Ages to use for smoothed curves. Default is single years over a slightly greater range than the unsmoothed data.
power
Power transformation for age variable before smoothing. Default is 0.4 for mortality data and 1 (no transformation) for fertility or migration data.
b
Lower age for monotonicity if method=="mspline". Above this, the smooth curve
is assumed to be monotonically increasing.
k
Number of knots to use for penalized regression spline estimate. Ignored if method=="loess".
span
Span for loess smooth if method=="loess".
lambda
Penalty for constrained regression spline if method=="cspline".
interpolate
If interpolate==TRUE, a linear interpolation is used instead of smoothing.
weight
If TRUE, uses weighted smoothing.
obs.var
Method for computing observational variance. Possible values: “empirical” or “theoretical”.
Details
The value of method determines the type of smoothing used.
method="mspline"
Weighted penalized regression splines with a monotonicity constraint. The curves are monotonically
increasing for age greater than b. Smoothness controlled by k. Methodology based on Wood (1994). Code calls gam for the basic
computations.
method="cspline"
Weighted regression B-splines with a concavity constraint. Smoothness controlled by lambda.

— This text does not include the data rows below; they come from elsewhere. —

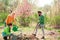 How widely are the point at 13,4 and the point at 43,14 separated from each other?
45 centimetres

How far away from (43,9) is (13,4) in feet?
1.42

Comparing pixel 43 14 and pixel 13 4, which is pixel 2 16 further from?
pixel 43 14

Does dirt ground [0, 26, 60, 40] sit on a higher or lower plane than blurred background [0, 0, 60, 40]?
lower

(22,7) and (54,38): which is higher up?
(22,7)

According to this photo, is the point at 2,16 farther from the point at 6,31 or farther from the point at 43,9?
the point at 43,9

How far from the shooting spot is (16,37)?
316 cm

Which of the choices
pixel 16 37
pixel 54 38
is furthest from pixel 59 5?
pixel 16 37

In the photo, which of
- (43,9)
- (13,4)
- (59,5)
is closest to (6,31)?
(13,4)

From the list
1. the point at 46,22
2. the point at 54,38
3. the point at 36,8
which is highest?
the point at 36,8

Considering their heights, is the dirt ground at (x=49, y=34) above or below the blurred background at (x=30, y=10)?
below

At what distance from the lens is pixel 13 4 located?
3180 mm

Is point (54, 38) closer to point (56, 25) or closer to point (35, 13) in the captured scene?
point (56, 25)

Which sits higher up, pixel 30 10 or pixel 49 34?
pixel 30 10

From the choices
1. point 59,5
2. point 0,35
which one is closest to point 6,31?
point 0,35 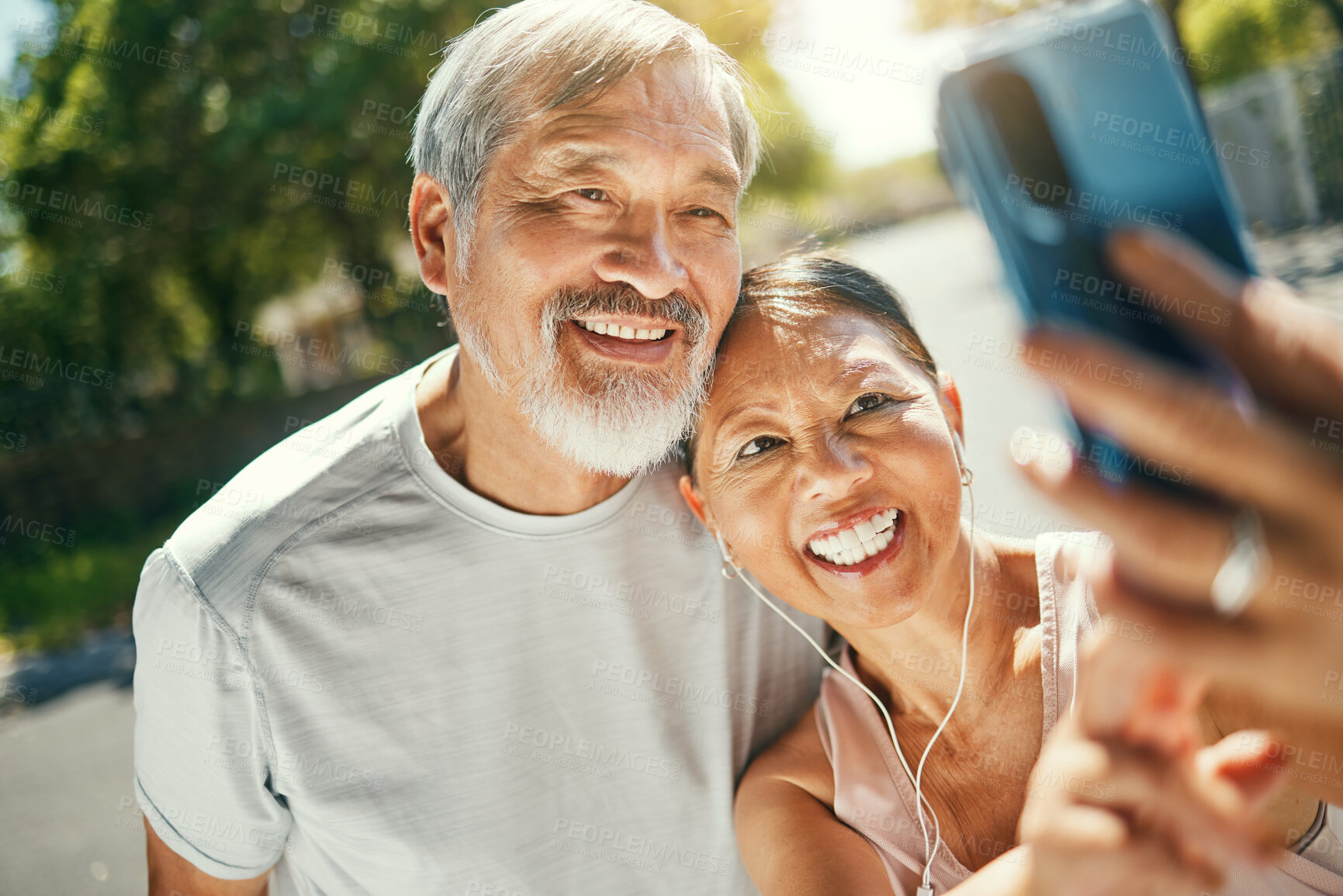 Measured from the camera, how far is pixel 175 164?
9562 mm

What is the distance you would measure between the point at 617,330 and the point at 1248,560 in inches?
49.0

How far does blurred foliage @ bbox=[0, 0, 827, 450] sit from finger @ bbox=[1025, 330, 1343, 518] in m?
8.00

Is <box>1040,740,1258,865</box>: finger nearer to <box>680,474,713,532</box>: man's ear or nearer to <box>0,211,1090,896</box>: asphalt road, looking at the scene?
<box>0,211,1090,896</box>: asphalt road

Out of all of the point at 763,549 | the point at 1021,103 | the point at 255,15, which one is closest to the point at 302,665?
the point at 763,549

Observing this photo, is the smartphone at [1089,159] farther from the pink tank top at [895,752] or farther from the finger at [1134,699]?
the pink tank top at [895,752]

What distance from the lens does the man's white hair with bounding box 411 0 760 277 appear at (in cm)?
176

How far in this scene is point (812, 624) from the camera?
2.11 meters

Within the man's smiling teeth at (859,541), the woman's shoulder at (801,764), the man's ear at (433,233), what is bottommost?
the woman's shoulder at (801,764)

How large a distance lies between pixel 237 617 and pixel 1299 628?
69.2 inches

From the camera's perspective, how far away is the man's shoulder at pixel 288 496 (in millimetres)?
1771

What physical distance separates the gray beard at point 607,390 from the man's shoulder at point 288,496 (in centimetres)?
39

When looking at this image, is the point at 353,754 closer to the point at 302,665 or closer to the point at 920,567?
the point at 302,665

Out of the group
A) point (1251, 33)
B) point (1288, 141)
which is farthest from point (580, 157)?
point (1251, 33)

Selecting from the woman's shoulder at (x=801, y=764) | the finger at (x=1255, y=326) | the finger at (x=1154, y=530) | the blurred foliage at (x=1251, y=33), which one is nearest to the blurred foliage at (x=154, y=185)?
the woman's shoulder at (x=801, y=764) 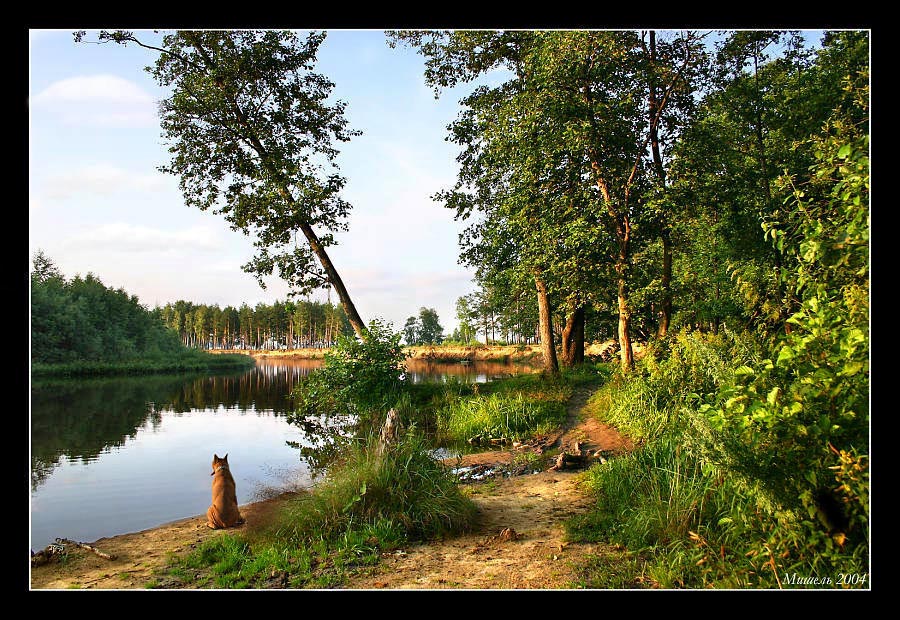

Methodology based on He and Ng (1999). Code calls cobs for the basic computations.
method="spline"
Unconstrained weighted penalized regression splines. Equivalent to "mspline" but with b=Inf.
method="loess"
Weighted locally quadratic regression. Smoothness controlled by span. Code calls
loess for the basic computations.
Value
Demogdata object identical to data except all
rate matrices are replaced with smooth versions and pop matrices are replaced with disaggregated population estimates obtained
using monotonic spline interpolation applied to the cumulative population data.
Weight
matrices are also added to the object showing the inverse
variances of the estimated smooth curves.